Flavien se rend en centre-ville avec les Grenoblois pour y acheter quelques cartes postales. Manque de chance, la poste est fermée. Le trio se sépare avec des au revoir. Ils s’envolent vers Punta Arenas. Quant à Flavien, il se dirige vers le port pour se procurer ses billets retours. Le départ est censé être à 14 h, finalement ce sera à 23 h. Une dernière recherche sur une plante inconnue… La pluie a raison de sa motivation, les températures sont annoncées à la baisse, tout proche de zéro.

Qui paye ses dettes s’enrichit. « Je règle ce que je dois au café tenu par Gabriella ». Ce qui est amusant est qu’elle parle français, ayant a vécu à Paris. Flavien rentre à ses pénates. « Je prépare mes affaires pour retourner marcher. J’aimerais me rendre où j’ai vu la fameuse plante inconnue pour la récolter. Pour la décrire, il me faut des échantillons » sitôt parti, la pluie qui tombe m’en dissuade.

Douze cartes postales

Que faire en tant de pluie ? Rien de tel que de manger et de faire une sieste. « J’étais le seul au camping… Une Anglaise vient d’arriver et on a le temps de discuter ». Flavien qui n’affiche pas une forme olympique ces derniers jours acquiesce que « cette sieste m’a fait du bien ».
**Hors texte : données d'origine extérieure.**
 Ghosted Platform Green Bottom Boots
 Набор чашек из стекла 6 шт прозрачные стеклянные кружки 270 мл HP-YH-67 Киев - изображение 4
L’après-midi, après avoir acheté douze nouvelles cartes postales, il passe le plus clair de son temps à flâner au café, profitant de la vue pour laisser l’inspiration le guider sur quelques lignes. « Le temps est très instable », se rassure l’aventurier. Il y passe de nombreuses heures à écrire. Puis viendra le temps où il faut jeter un œil à la paperasse, « comme déclarer les revenus de ma microentreprise à l’URSSAF, chose impossible à anticiper quelques mois plus tôt ».

La bougeotte le tenaille. « Je commence à tourner en rond, vivement le départ même si le coin est agréable ». Sauf que les températures annoncées demain à Puerto Williams devraient tourner autour de zéro et la neige faire son apparition à basse altitude, « je ne sais pas comment je vais m’occuper ». Il a déjà expérimenté les conditions météorologiques et n’a pas envie d’y retourner…

(Crédits : Flavien Saboureau)

Ce lundi soir le camping est bondé. L’aventurier admet quelques difficultés à jongler avec toutes les langues présentes. « C’est fatigant de faire l’effort de parler à tout le monde, car il faut jongler entre plusieurs langues… » Ça n’a pas été la plus dingue des journées soupire-t-il.

À bicyclette…

« Ce matin j’achète de nouvelles cartes. j’ai du temps alors je profite pour en écrire un maximum », acquiesce-t-il en souriant. « Je ne sais pas si j’aurai autant de temps à tuer durant la suite du voyage. » Au chaud lové dans un cocon, il passe la première partie de l’après-midi à composer au café. Le panorama est magnifique. Flavien contemple par la fenêtre le Beagle, un verre de maté à la main.

La gérante, incarnation même de la sympathie, est heureuse de me voir arriver avec mes cartes. Comme dans les lignes d’un roman, elle évoque auprès de Flavien son plaisir à le voir écrire. « Elle aime bien me voir écrire toutes ces cartes dans son café, elle pensait que les jeunes n’écrivaient plus », conte Flavien.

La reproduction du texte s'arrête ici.